> _Work instruction_: Output every entry exactly as written, skipping any pictures.

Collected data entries
::::::::::
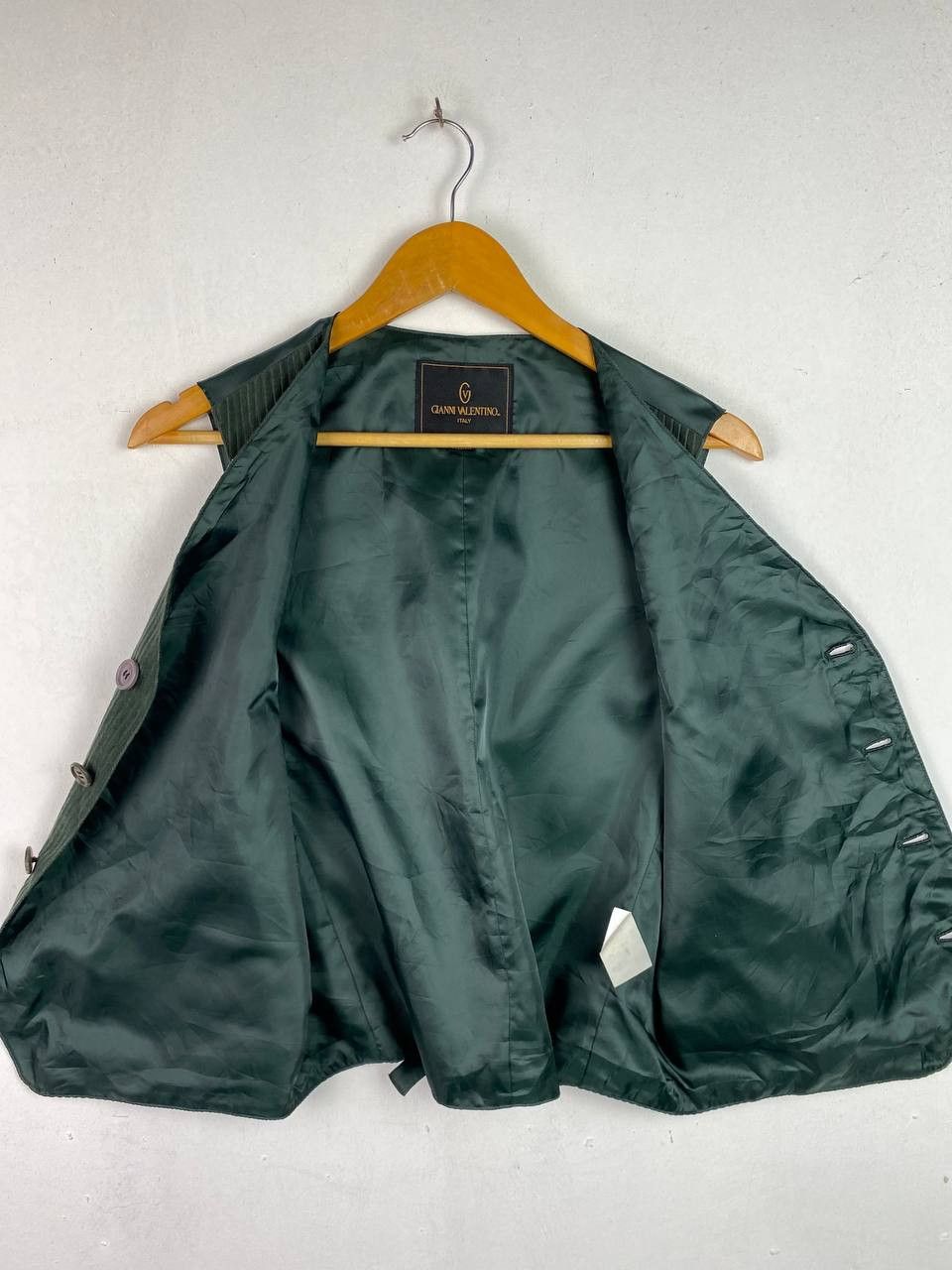 Gianni Valentino vintage gianni valentino corduroy vest nice design Size US M / EU 48-50 / 2 - 3 Thumbnail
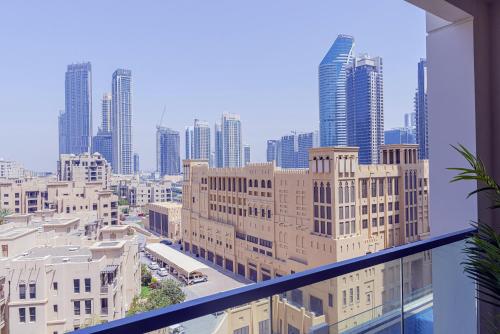 Art-inspired apartment amidst Downtown Dubai, Дубай (фото 3)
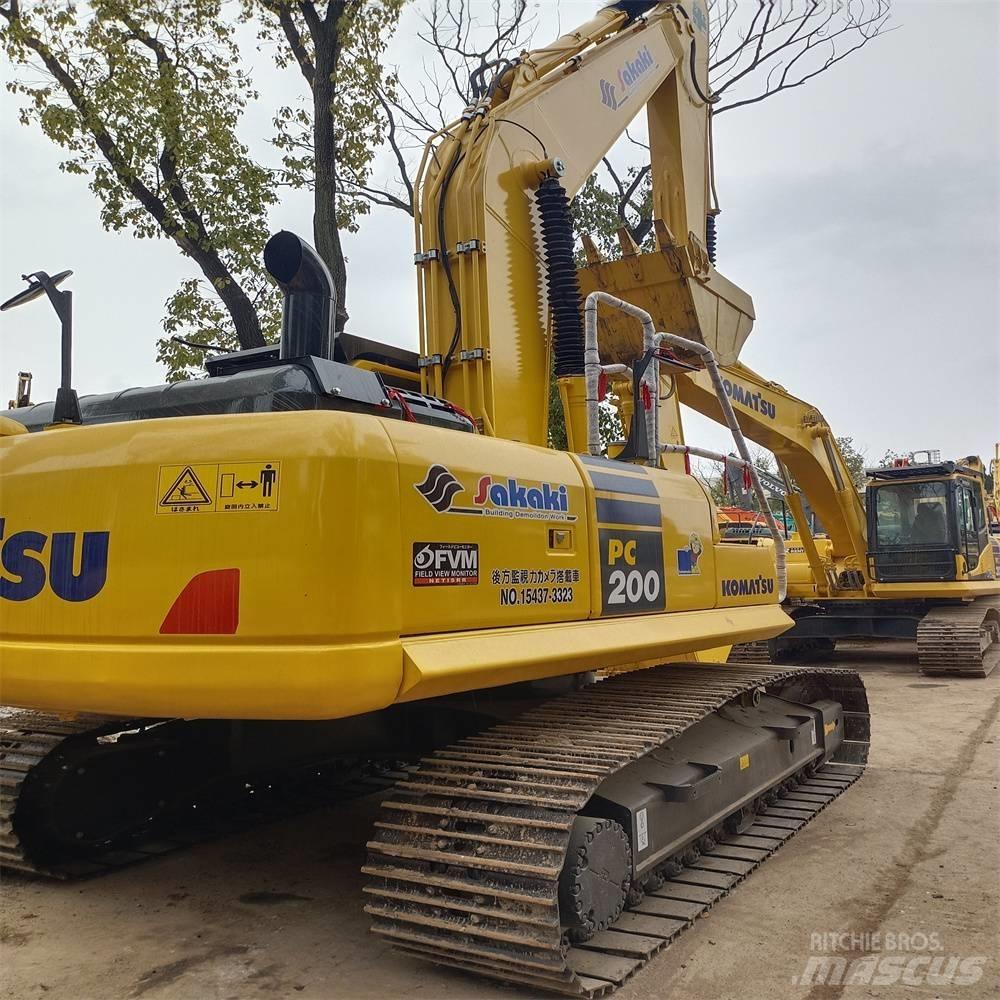 Komatsu PC 200 حفارات زحافة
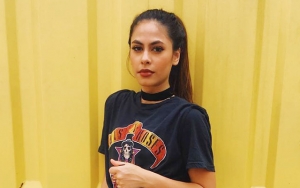 Potret Manis Valerie Thomas Bareng Nenek Beda Agama Bikin Adem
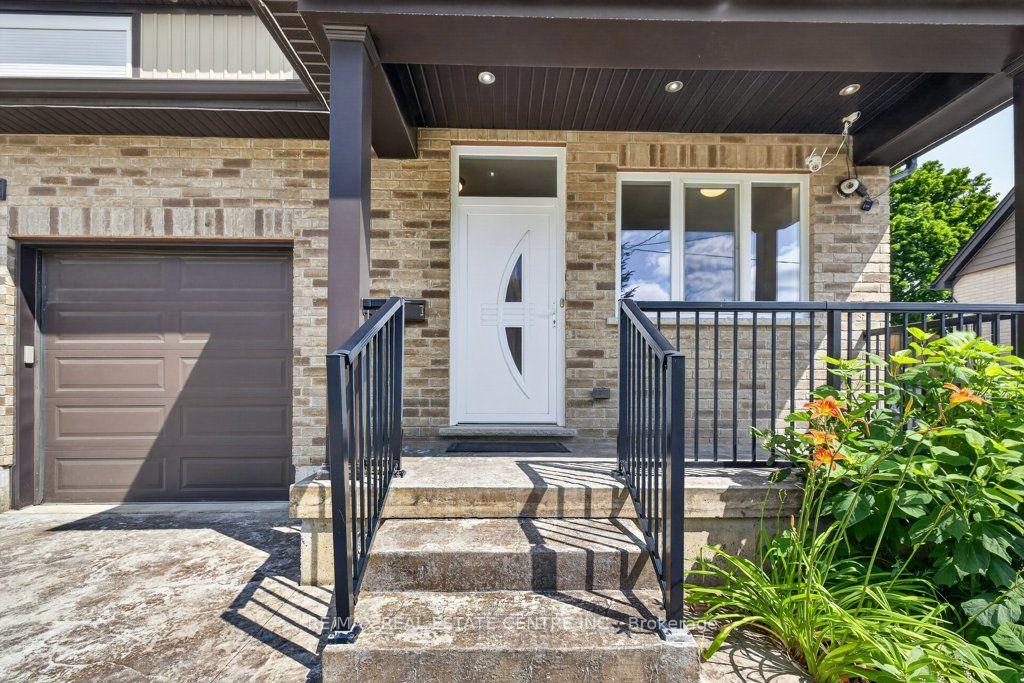 Photo 3 of 236 Neilson Avenue, Waterloo, Downtown Waterloo — HOMEH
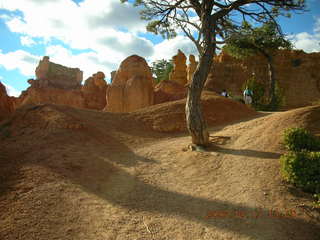 Bryce Canyon -- Queen's Garden trail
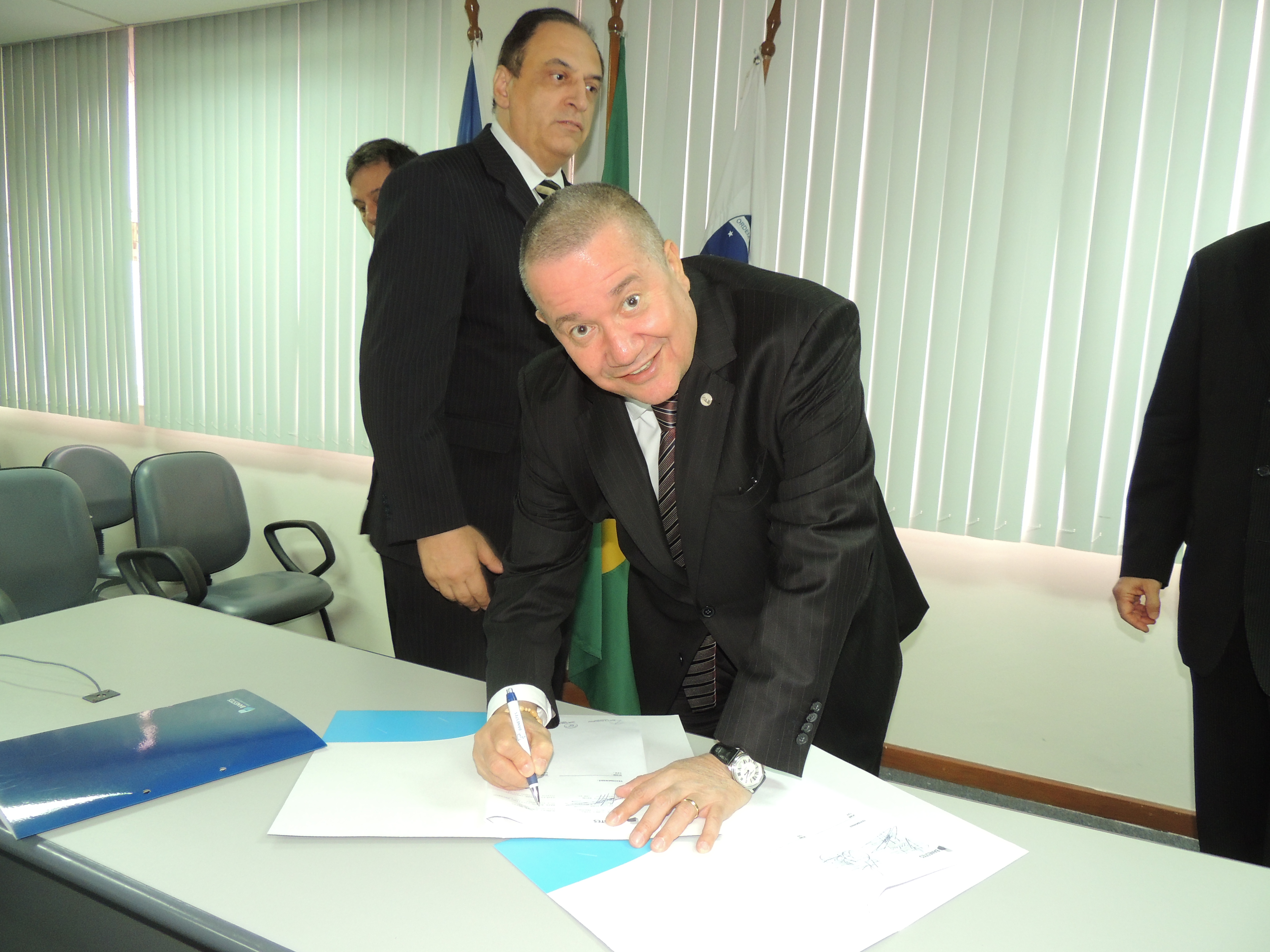Homero assina parceria em prol da advocacia. Foto: Divulga&ccedil;&atilde;o.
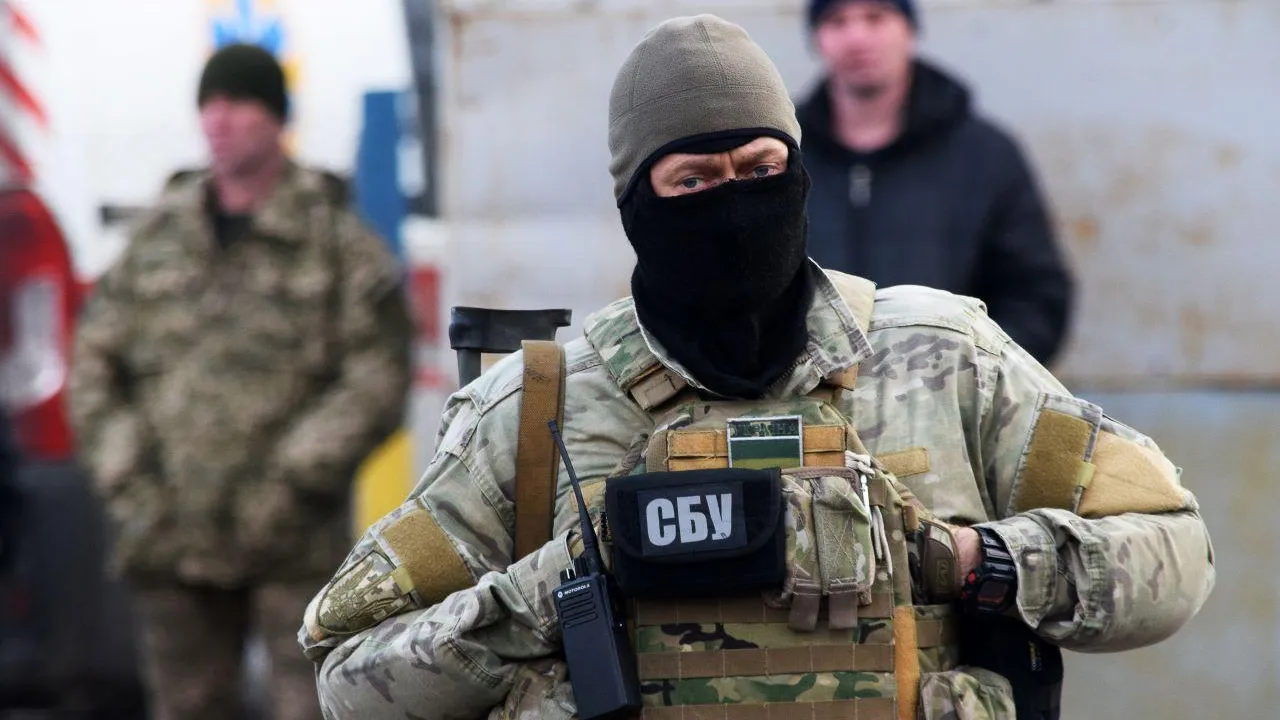 СБУ провела обыск в квартире мэра Чернигова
::::::::::
> _Task result_:
 Gianni Valentino vintage gianni valentino corduroy vest nice design Size US M / EU 48-50 / 2 - 3 Thumbnail
 Art-inspired apartment amidst Downtown Dubai, Дубай (фото 3)
 Komatsu PC 200 حفارات زحافة
 Potret Manis Valerie Thomas Bareng Nenek Beda Agama Bikin Adem
 Photo 3 of 236 Neilson Avenue, Waterloo, Downtown Waterloo — HOMEH
 Bryce Canyon -- Queen's Garden trail
Homero assina parceria em prol da advocacia. Foto: Divulga&ccedil;&atilde;o.
 СБУ провела обыск в квартире мэра Чернигова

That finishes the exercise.